Confermato l’ergastolo al padre-killer

Sentenza in Appello, l’uomo ha ucciso moglie e figlia: potrà lasciare l’Italia solo dopo aver scontato la condanna

PESCINA. Ergastolo confermato, con isolamento diurno e notturno per un anno. La Corte d’assise d’appello dell’Aquila ha confermato la condanna di primo grado nei confronti di Veli Selmanaj, colpevole del duplice omicidio a colpi di pistola della figlia Senade e della moglie Fatima, avvenuto nell’ottobre 2013 all’uscita di un supermercato di Pescina. Oltre a scontare il massimo della pena, la sentenza nei confronti del padre e marito killer sarà pubblicata su circuiti web per quindici giorni. Una richiesta avanzata dal procuratore generale Romolo Como. Selmanaj, secondo la sentenza, sarà anche espulso dall’Italia soltanto una volta scontata la pena dell’ergastolo. Dovrà pagare, infine, una provvisionale di 50mila euro.

«Aspettiamo di leggere le motivazioni della sentenza», hanno commentato a caldo i difensori del kosovaro, Antonio Milo e Davide Baldassarre, «e certamente ricorreremo in Cassazione». I legali avevano presentato una richiesta di perizia che non è stata accolta. «Ci aspettavamo che la Corte», hanno sottolineato, «disponesse la perizia d’ufficio per valutare una eventuale incapacità di intendere e di volere dell’imputato. Vogliamo capire qual è stato il motivo del diniego di tale istanza e per questo attendiamo il documento del giudice».

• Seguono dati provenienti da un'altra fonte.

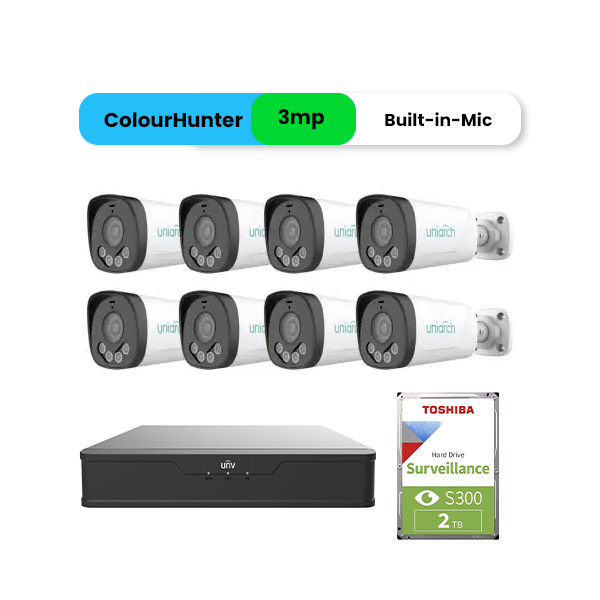 UNV/UNIARCH Kit IP 3MP Dual Light  Color Night 8ch 2TB Harddisk  with Integrated Mic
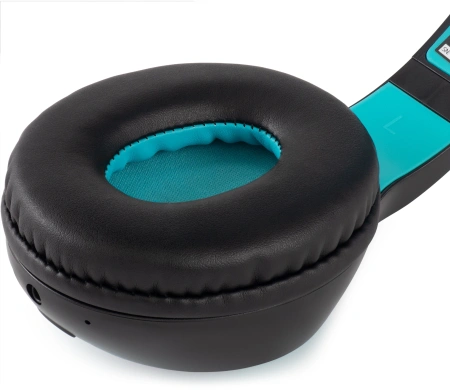 Гарнитура накладные Digma BT-15 черный/голубой беспроводные bluetooth оголовье (BT-15BLB)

L’uomo è stato condannato all’ergastolo che dovrà scontare, prima in isolamento, nel carcere di Teramo. Il kossovaro, reo confesso, è accusato di duplice omicidio con le aggravanti della premeditazione, del vincolo discendente con la figlia, oltre al porto e alla detenzione abusiva di arma da fuoco. Le figlie, difese dall’avvocato Leonardo Casciere, hanno confermato che in casa dovevano subire continue violenze e angherie e hanno raccontato che spesso il padre rientrava ubriaco e che loro, compresa la sorella, la vittima Senade, erano costrette a subire molestie. Ora, affinché la vicenda giudiziaria sia conclusa, bisogna attendere il processo davanti alla Corte suprema.